E já que mencionamos as empresas de colo computing, vale a pena destacar parte do que foi compartilhado por Adam Weissmuller, diretor da empresa de soluções em cloud computing Internap. Além de destacar a importância de aproximar a hospedagem em nuvem com o sistema colo, ele traçou dois tipos de clientes que procuram esses serviços: as grandes empresas de T.I., que buscam adquirir a infraestrutura para todas as atividades que o negócio envolve, e os compradores particulares, que geralmente compram um espaço na nuvem para hospedar aplicativos.

Ranking top 10 hospedagem de sites

De acordo com Weissmuller, tanto as empresas de T.I. como os compradores particulares podem se aproveitar da proximidade entre a hospedagem em nuvem e o colocation para otimizar seus investimentos. Isso acontece porque o cloud computing ainda não é customizável para locação, algo que os clientes ainda esperam. Logo, o colo revela-se ideal, inclusive financeiramente falando, mas esse tipo de serviço deixa a desejar no quesito velocidade. Logo, a hospedagem em nuvem contrapõe esse revés, oferecendo a velocidade mínima que o mercado exige.

Outra informação interessante é o crescimento do colocation também na Europa. Mesmo fora dos Estados Unidos, o serviço é considerado como “a próximo passo na evolução”, de acordo com JF van der Zwet, responsável pelo marketing da Interxion.

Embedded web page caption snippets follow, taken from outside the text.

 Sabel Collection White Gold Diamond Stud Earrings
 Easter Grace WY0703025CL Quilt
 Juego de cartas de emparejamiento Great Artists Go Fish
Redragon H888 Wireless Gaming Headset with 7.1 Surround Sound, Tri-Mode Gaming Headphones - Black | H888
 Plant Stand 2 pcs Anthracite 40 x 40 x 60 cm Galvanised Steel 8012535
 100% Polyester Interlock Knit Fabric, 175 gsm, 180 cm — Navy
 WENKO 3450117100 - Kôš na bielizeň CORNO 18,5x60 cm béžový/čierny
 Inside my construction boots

No campo da hospedagem em nuvem, ainda não há uma empresa líder na Europa, pois elas operam a nível regional, mas sabe-se que todos as empresas inseridas nesse segmento apresentam crescimento, revelando a tendência no serviço também fora das terras americanas.

 

 

Amazon: não mais tão temida?

amazon-web-services

E por falar em crescimento, é evidente o destaque que os serviços da Amazon têm ganhado nos últimos anos. Antonio Piraino da ScienceLogic dedicou parte de sua participação na HostingCon para falar das vantagens em trabalhar em conjunto com a Amazon Web Services. Isso não significa que toda a estrutura de seu negócio tem que ser adaptada para os parâmetros da Amazon, mas é interessante deixar de considerar a empresa como uma concorrente direta.

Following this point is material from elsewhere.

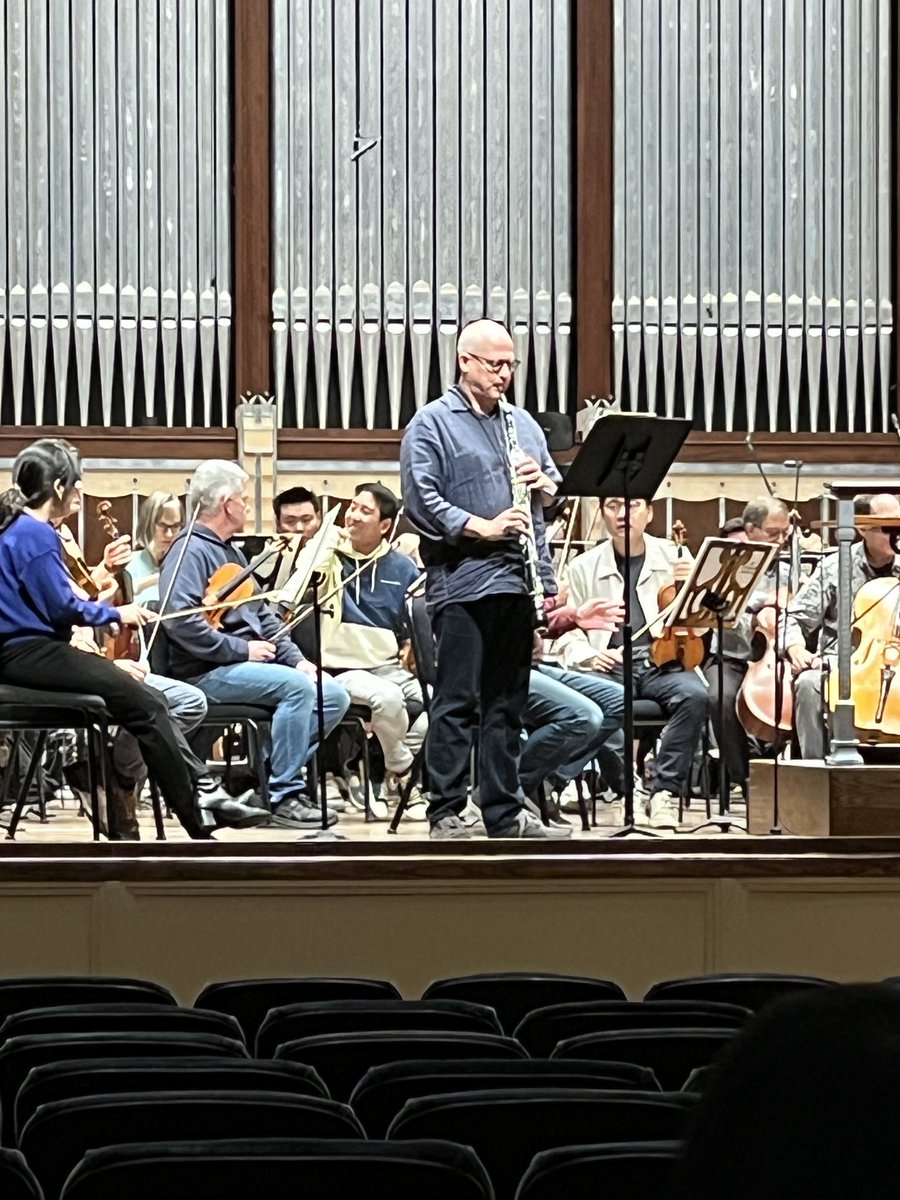 Rehearsing for the US premiere OF MY English horn concerto, Mad Song, with the Cleveland Orchestra, Tugan Sokhiev and Robert Walters …3 perfs tonight thru Saturday, Severance Hall…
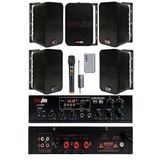 Lastvoice Black Large Plus Paket-4 Hoparlör ve Amfi Anons Ses Sistemi Seti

A ideia defendida por Paraino é a de integrar o AWS com a infraestrutura dos serviços oferecidos pela empresa em questão, algo similar ao que a Datapipe vem fazendo. Paraino explica que a Amazon ainda não possui o que é preciso para suprir totalmente as necessidades de grandes empresas e, por isso, não seria ideal considerá-la como única e melhor alternativa. Entretanto, deixar de encarar a Amazon como ameaça no ramo já é uma boa nova.

 

 

O Outro Lado.

 

Além das afirmações de Paraino sobre a limitação do Amazon Web Services, outros serviços tiveram suas críticas. A Interxion, dentre diversos outros provedores, declarou que não pretende oferecer cloud computing para seus clientes diretamente, optando por empresas parceiras para cuidar desse tipo de serviço. A ideia é prover a hospedagem em nuvem de maneira terceirizada, para que a demanda de mercado seja atendida.

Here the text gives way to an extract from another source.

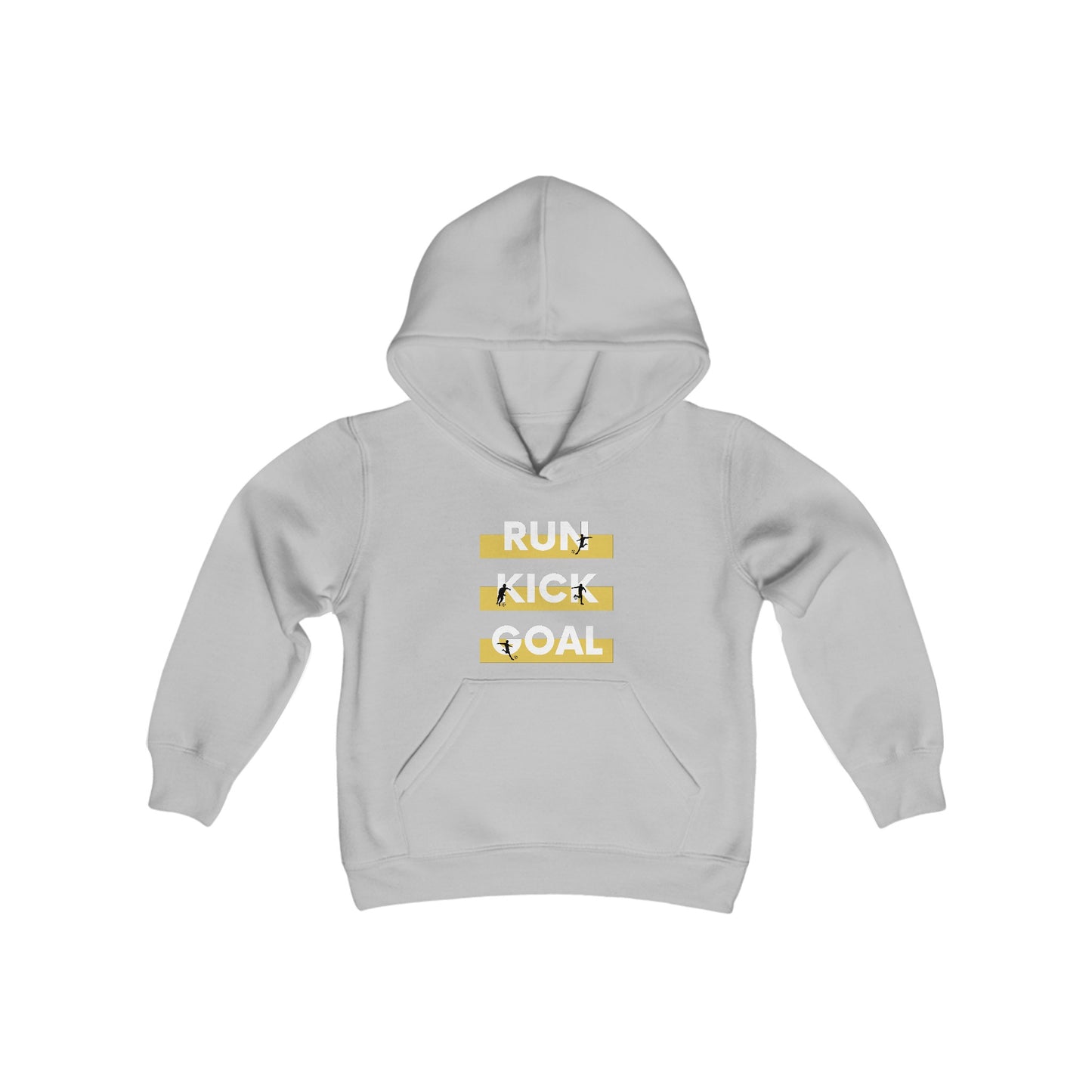 Kids Run Kick Goal Heavy Blend Hooded Sweatshirt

Por fim, o crescimento do colo computing começa a mostrar sinais tímidos de desaceleração. Nesse caso, Phil Shih do Structure Research esclarece que isso ocorre devido ao amadurecimento do colocation e de sua reafirmação como um mercado estabelecido. O avanço contido nada tem a ver com a pressão dos outros tipos de hospedagem e com a competição contínua com outras empresas; trata-se de uma reação normal a algo que já não é mais novidade.

Em suma, foi isso que aconteceu na edição de 2014 da HostingCon. O que achou das novidades para o segmento da hospedagem apresentadas na feira? Você consegue utilizar esses dados em prol de sua empresa?